### ACTIVITY
The reply should be the records repeated exactly, without any images.
───
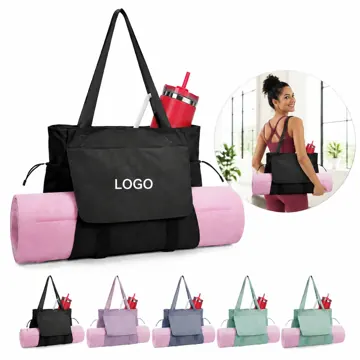 Water-Resistant Yoga Tote Bag with Mat Holder, Large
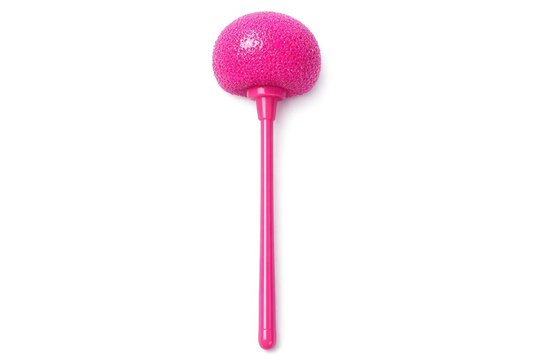 A close-up shot of a bright pink ball sitting atop a stick, great for adding some color and whimsy to your design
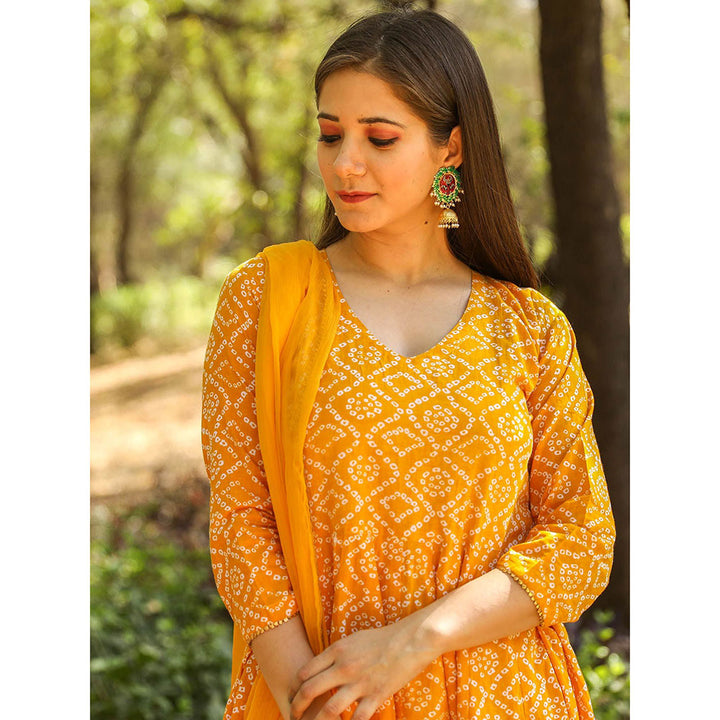 Gulabo Jaipur Yellow Cotton Anarkali With Pant & Chiffon Dupatta (Set of 3)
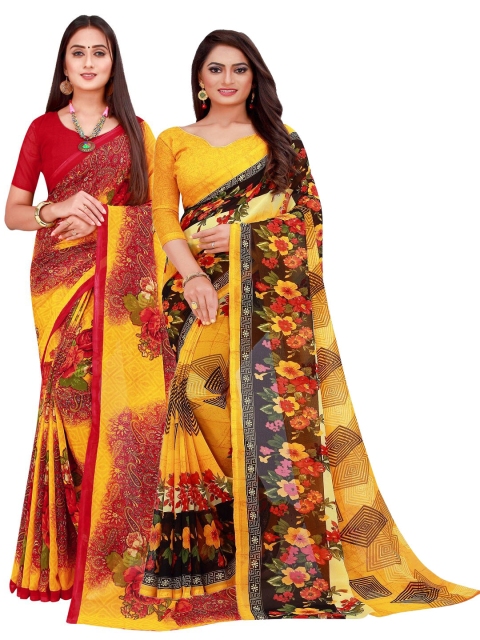 

KALINI Yellow & Red Set of 2 Floral Printed Georgette Saree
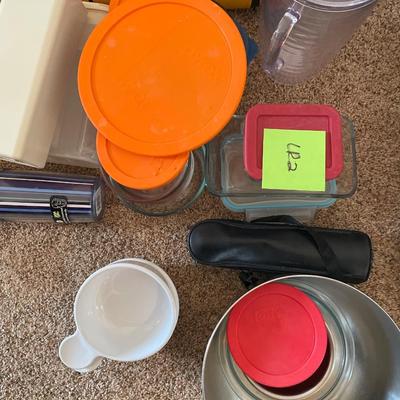 Pyrex glass containers & Tupperware with carafes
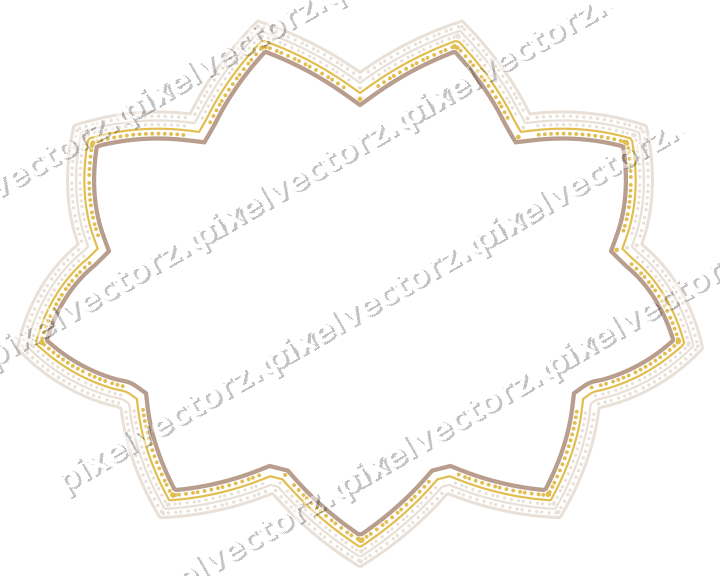 Decorative line art frame in amber and pale orange with oval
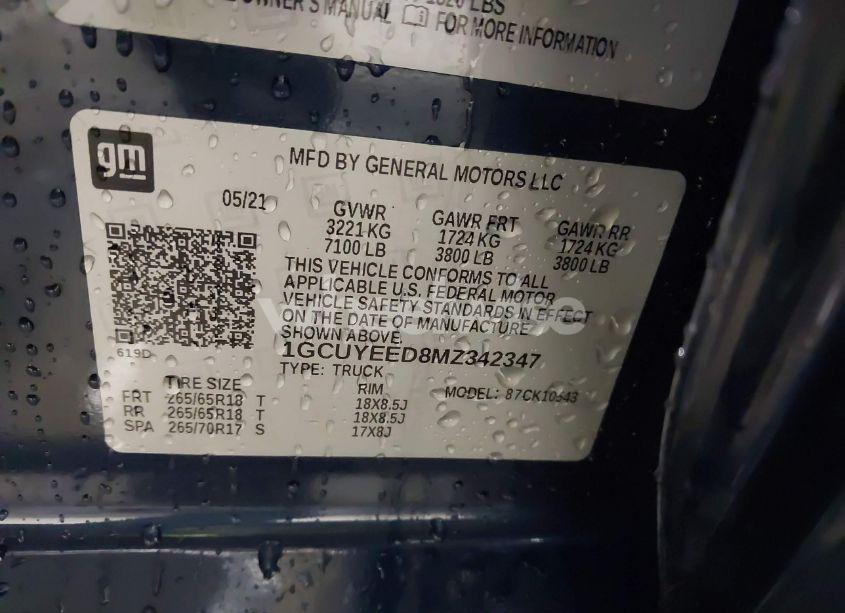 Photo 9 of 2021 Chevrolet Silverado 1500 4WD SHORT BED RST (VIN 1GCUYEED8MZ342347)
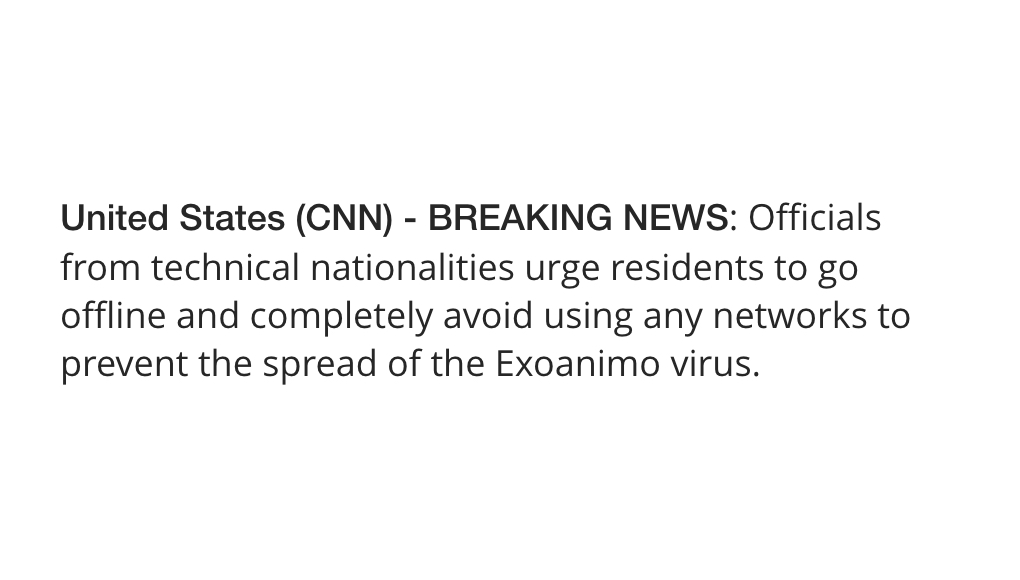 CNN2035's tweet photo. Breaking News #Exoanimo #becomingcyborg #twitterfiction https://t.co/ekoRyk9M3y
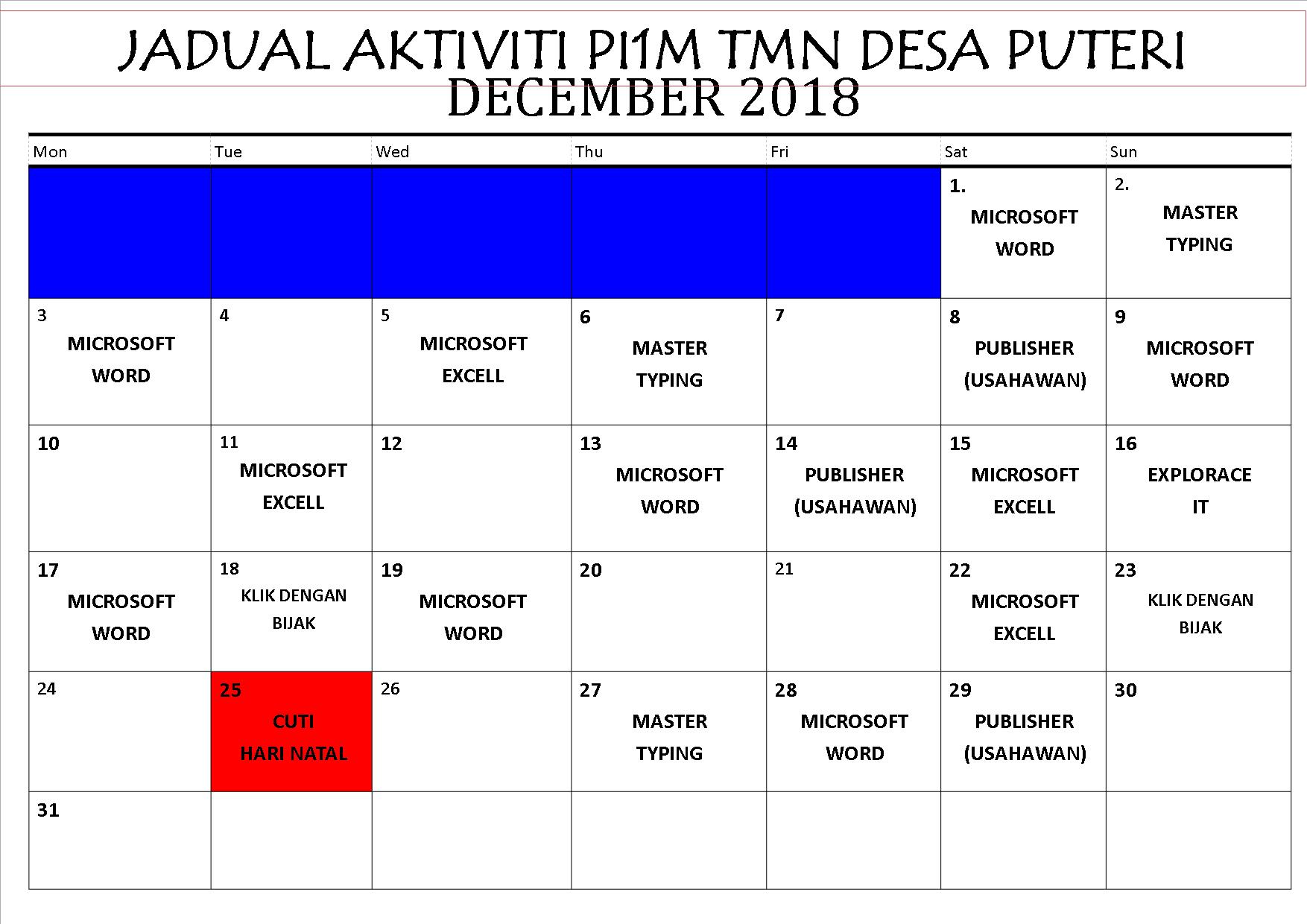 JADUAL AKTIVITI DECEMBER 2018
───
### EXERCISE RESULT
 Water-Resistant Yoga Tote Bag with Mat Holder, Large
 A close-up shot of a bright pink ball sitting atop a stick, great for adding some color and whimsy to your design
 Gulabo Jaipur Yellow Cotton Anarkali With Pant & Chiffon Dupatta (Set of 3)

KALINI Yellow & Red Set of 2 Floral Printed Georgette Saree
 Pyrex glass containers & Tupperware with carafes
 Decorative line art frame in amber and pale orange with oval
 Photo 9 of 2021 Chevrolet Silverado 1500 4WD SHORT BED RST (VIN 1GCUYEED8MZ342347)
 CNN2035's tweet photo. Breaking News #Exoanimo #becomingcyborg #twitterfiction https://t.co/ekoRyk9M3y
 JADUAL AKTIVITI DECEMBER 2018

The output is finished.